### [Data]
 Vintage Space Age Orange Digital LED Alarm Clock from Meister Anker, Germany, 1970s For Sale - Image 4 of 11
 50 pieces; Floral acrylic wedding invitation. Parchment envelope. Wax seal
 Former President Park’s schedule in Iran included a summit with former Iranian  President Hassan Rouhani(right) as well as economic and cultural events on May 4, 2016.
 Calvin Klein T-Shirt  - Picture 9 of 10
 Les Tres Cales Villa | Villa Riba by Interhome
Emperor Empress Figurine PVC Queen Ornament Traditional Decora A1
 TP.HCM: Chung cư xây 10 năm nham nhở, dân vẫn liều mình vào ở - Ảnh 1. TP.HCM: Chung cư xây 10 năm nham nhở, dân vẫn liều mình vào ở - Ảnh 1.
---
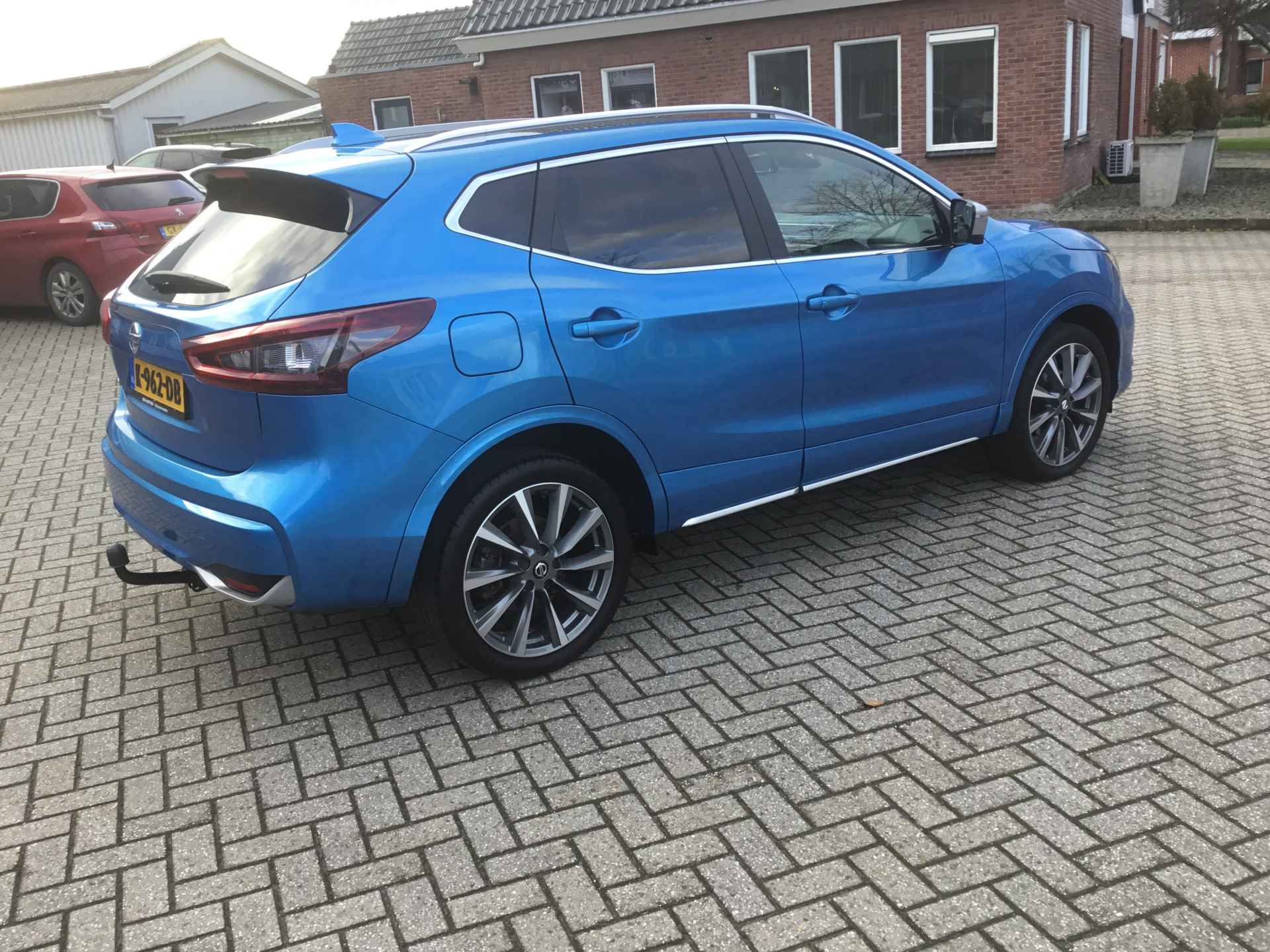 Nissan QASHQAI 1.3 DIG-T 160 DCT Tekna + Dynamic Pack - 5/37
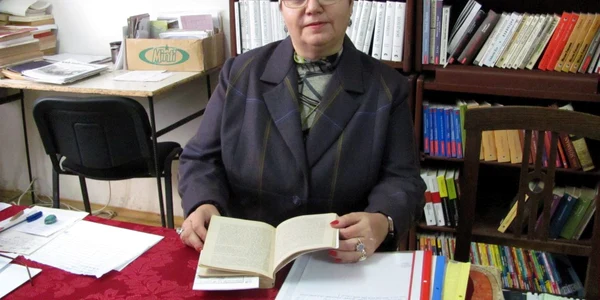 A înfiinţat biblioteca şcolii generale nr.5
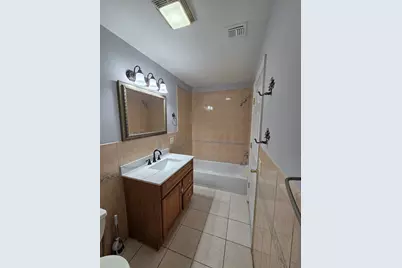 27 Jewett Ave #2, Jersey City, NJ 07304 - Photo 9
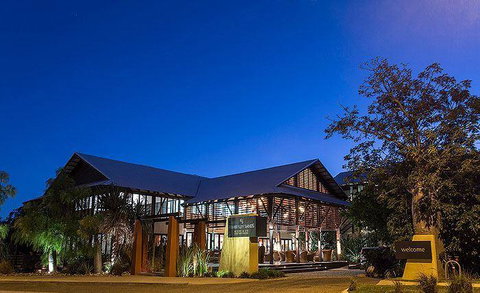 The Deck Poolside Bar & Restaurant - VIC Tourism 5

### [Task prompt]
Take from the material above the lines running from the one with "Calvin Klein T-Shirt  - Picture 9 of 10" through the one with "1. TP.HCM: Chung", and repeat them exactly, with nothing else.

### [Answer space]
 Calvin Klein T-Shirt  - Picture 9 of 10
 Les Tres Cales Villa | Villa Riba by Interhome
Emperor Empress Figurine PVC Queen Ornament Traditional Decora A1
 TP.HCM: Chung cư xây 10 năm nham nhở, dân vẫn liều mình vào ở - Ảnh 1. TP.HCM: Chung cư xây 10 năm nham nhở, dân vẫn liều mình vào ở - Ảnh 1.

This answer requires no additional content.